# Stucco to replace T111



## Courageous1 (Aug 2, 2010)

I bought a 1950s repo last December and have been mainly focused on the interior up until now.  I finally have enough done inside that I can start thinking about the exterior.  The previous owner enclosed the carport and used T111 wood siding.  The rest of the house is stucco.  The carport enclosure addition was done without a permit, so it goes without saying that the quality of work done could be better.  The majority of the T111 needs to be replaced.  It was not sealed well, and there is no flashing or protection along the bottom edges.  When it rains the siding absorbs some moisture through the bottom.  Fortunately I live in Southern California and it only rains a few times a year. 
I would like to make the exterior look more cohesive and stucco the carport addition.  I don't know if it is possible to stucco over the T111, or if that is even a good idea.  I am not really concerned about water damage behind the siding, we did a lot of gutting on the interior and there were no signs that water had damaged anything other than the exterior siding. 
Also, when the previous owner poured some concrete around the exterior of this addition, they poured it directly against the siding.  I am planning to rip out that concrete and redo it (its cracking and uneven).  I am sure that when I do that some of the siding is going to come off with the concrete! 
I'd like to know the most cost effective way of redoing the exterior of this portion of the house.  If it is going to be significantly more expensive to replace the siding with stucco, I don't know if I would do it.  Although I know that the aesthetic value of having the exterior all one material may be worth the extra cost.
Any suggestions?


----------



## inspectorD (Aug 3, 2010)

It is doable, but do not expect great results in the future when the T-111 moves because it is probably 2 feet on center attached to the framework.

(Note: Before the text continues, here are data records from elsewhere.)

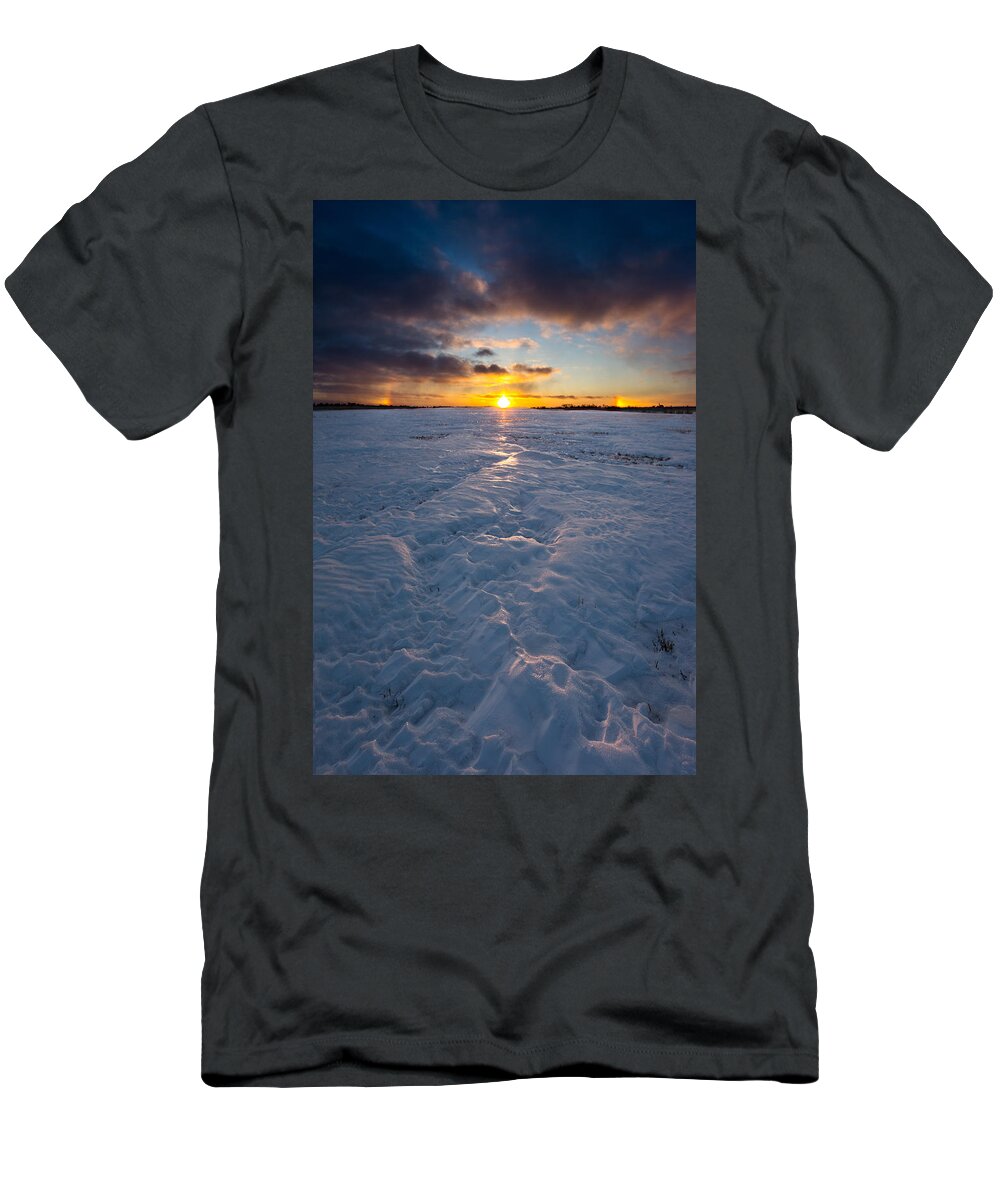Sun Dog T-Shirt featuring the photograph Sub-Zero Sunset by Aaron J Groen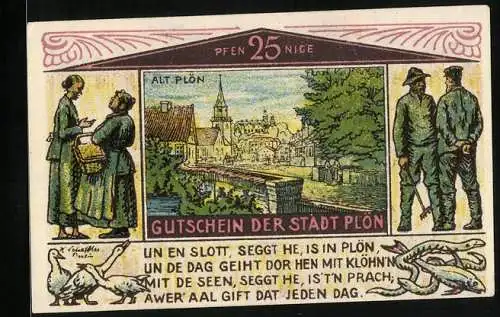 Notgeld Plön 1921, 25 Pfennig, Fischerei, Alt-Plön, Gänse, Fische, Bäuerinnen und Fischer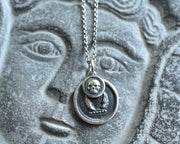 skull and wings wax seal necklace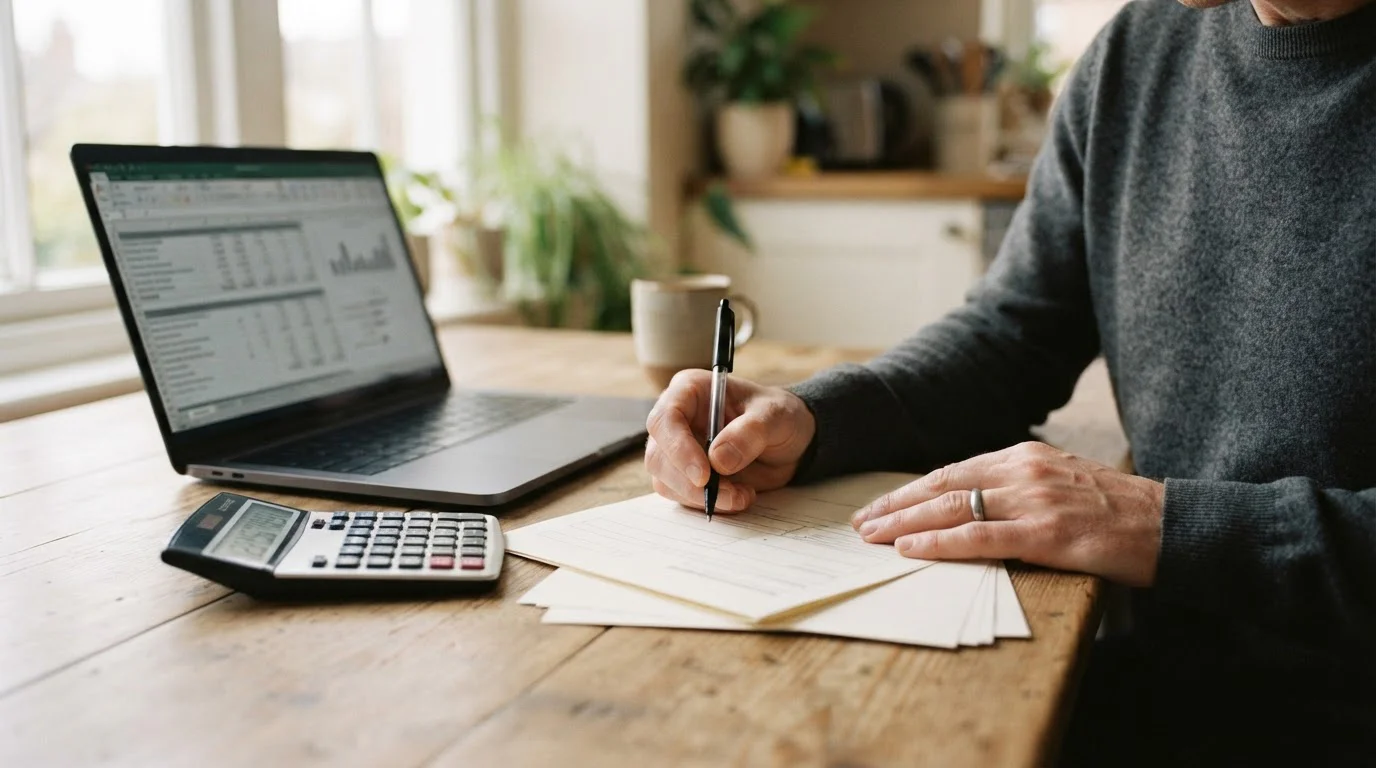 Manos rellenando formularios fiscales en blanco junto a una calculadora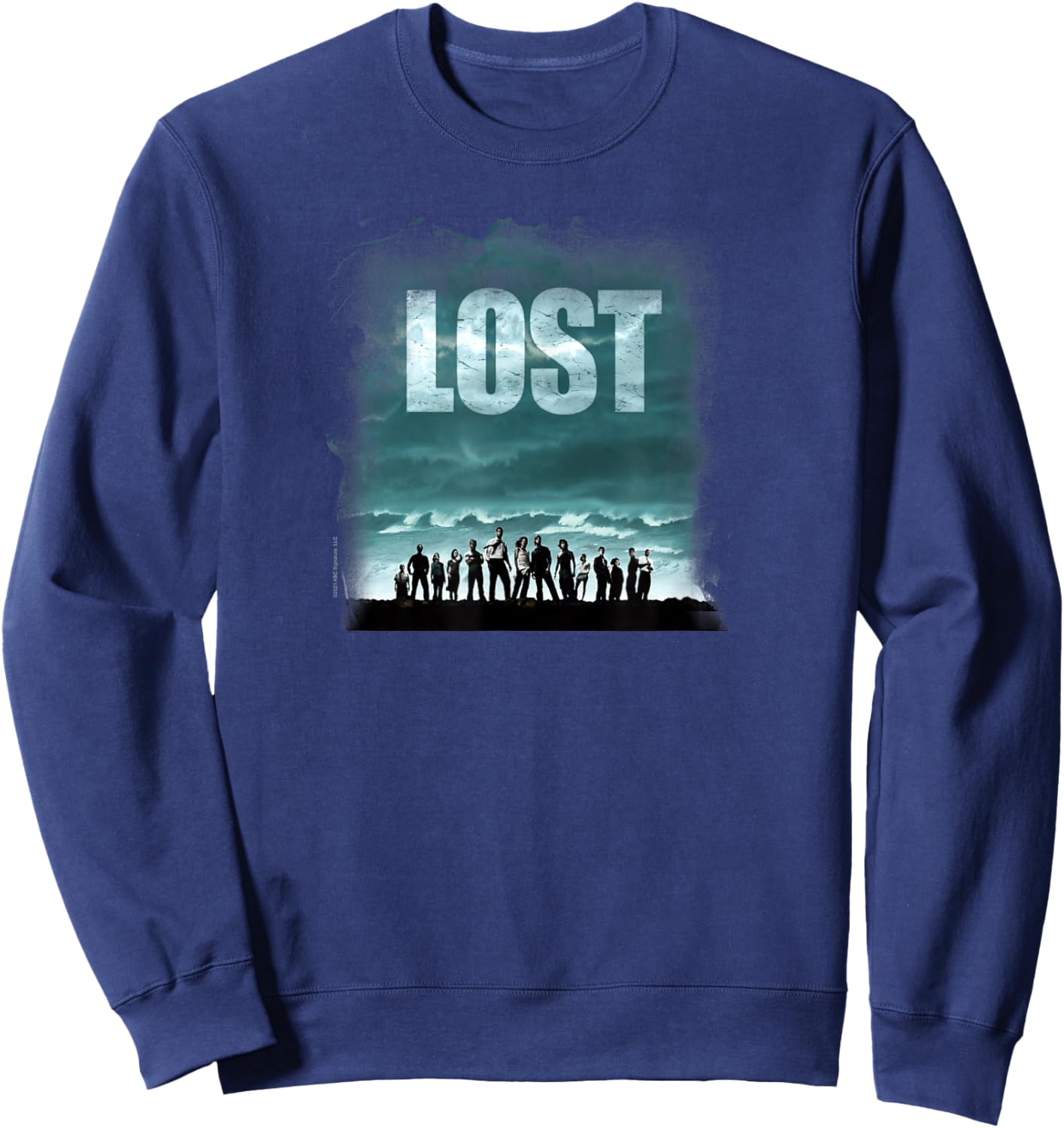 Lost Stormy Sky and Ocean Cast Outlines Poster TV Show Sweatshirt - Sweatshirt | Navy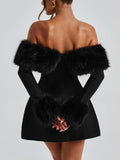 Robe Courte Évasée avec Encolure Fausse Fourrure – Style Chic et Douillet MAX for ME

Then of course it could also be fine since you do not get alot of moisture where you live, so the movement may be minimal.

Just repair or replace any of the damaged T-111. You also want to paint all the edges if the plywood is painted already o keep it consistant.
Then fasten it all down with some ringshank nails that will not pull out.

Then have a licenced contractor come out and give you some $$ amounts to install. Get more than one, and do your homework on types of stucco in your area. Good luck.


----------



## GBR (Aug 23, 2010)

I would remove the abutting concrete, dig and pour a new foundation, footing and short wall to get the bearing needed for the new stucco. To build a stuccoed wall on a carport slab without perimeter footings to support it would be foolish. Then your H.O.Insurance would cover it when the "Big one" shakes. You'll have it permitted and paper trailed.

Be safe, Gary


----------